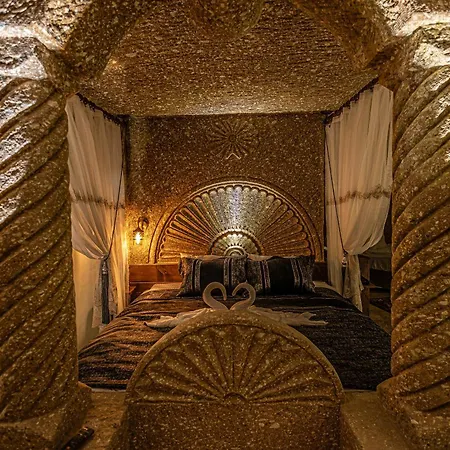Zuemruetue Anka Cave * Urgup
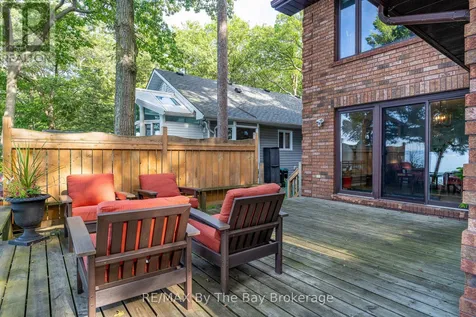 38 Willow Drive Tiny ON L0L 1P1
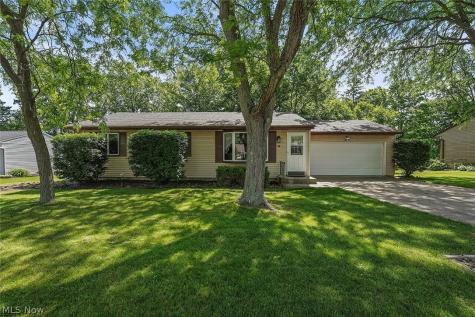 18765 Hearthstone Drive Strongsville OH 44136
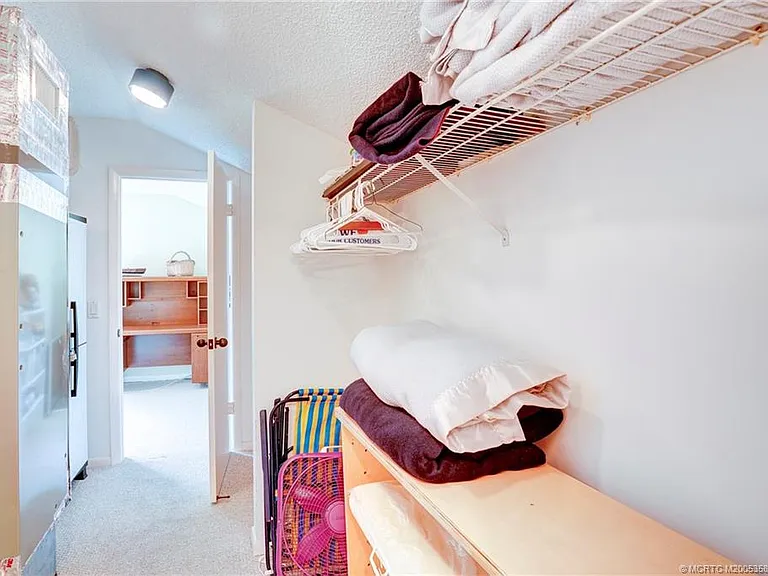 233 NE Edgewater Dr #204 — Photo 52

————————

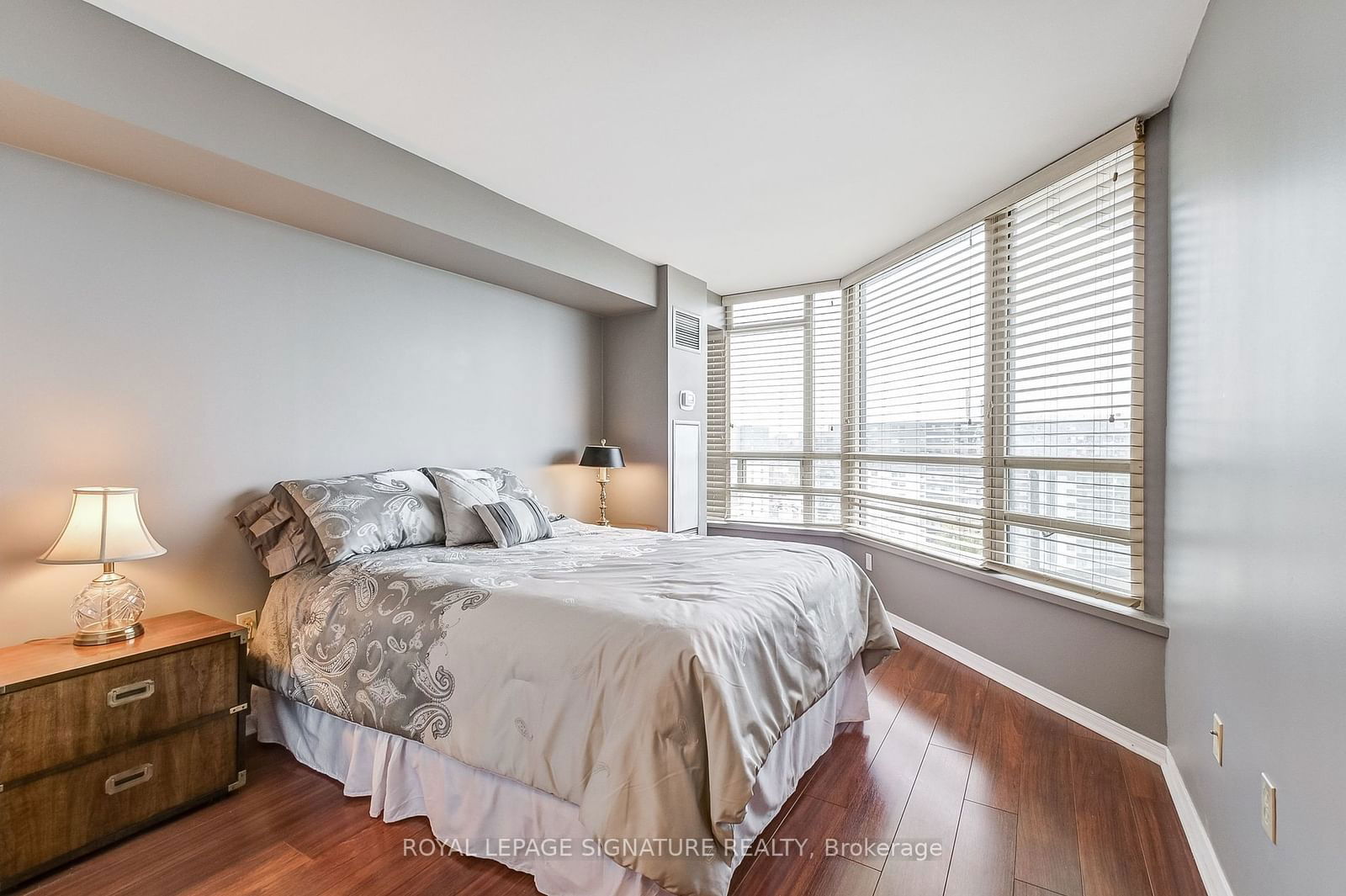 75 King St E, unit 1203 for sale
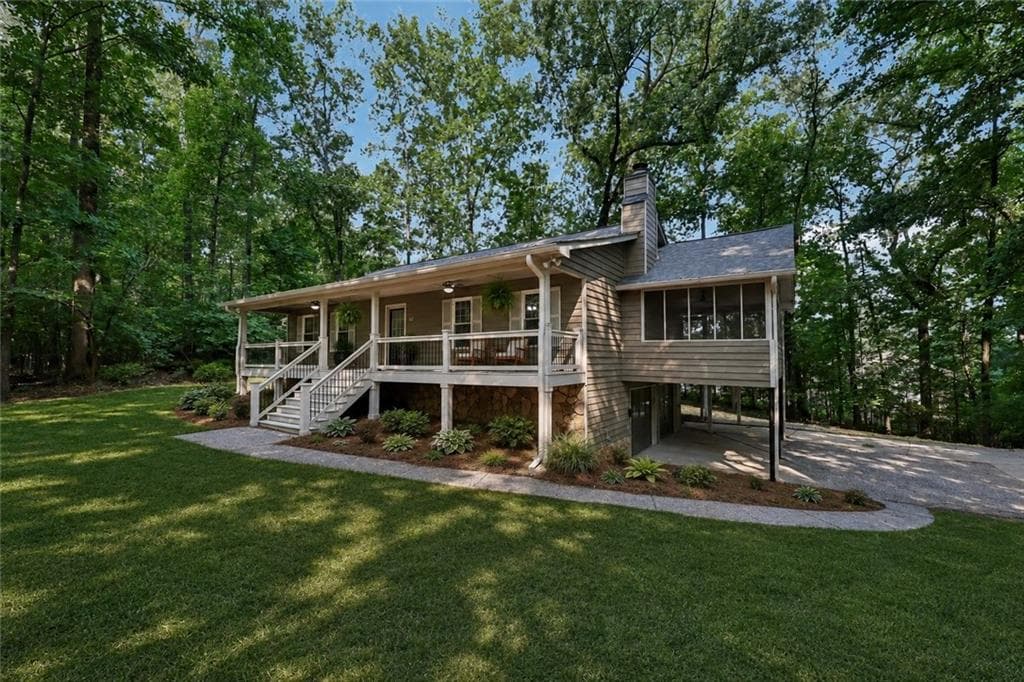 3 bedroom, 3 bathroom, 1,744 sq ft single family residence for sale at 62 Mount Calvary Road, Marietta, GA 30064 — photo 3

————————

WHAT TO PRODUCE: Take the lines above starting at the one containing "18765 Hearthstone Drive" and ending at the one containing "233 NE Edgewater Dr #204 — Photo 52", and print them again exactly, without pictures.

COMPLETED TASK:
 18765 Hearthstone Drive Strongsville OH 44136
 233 NE Edgewater Dr #204 — Photo 52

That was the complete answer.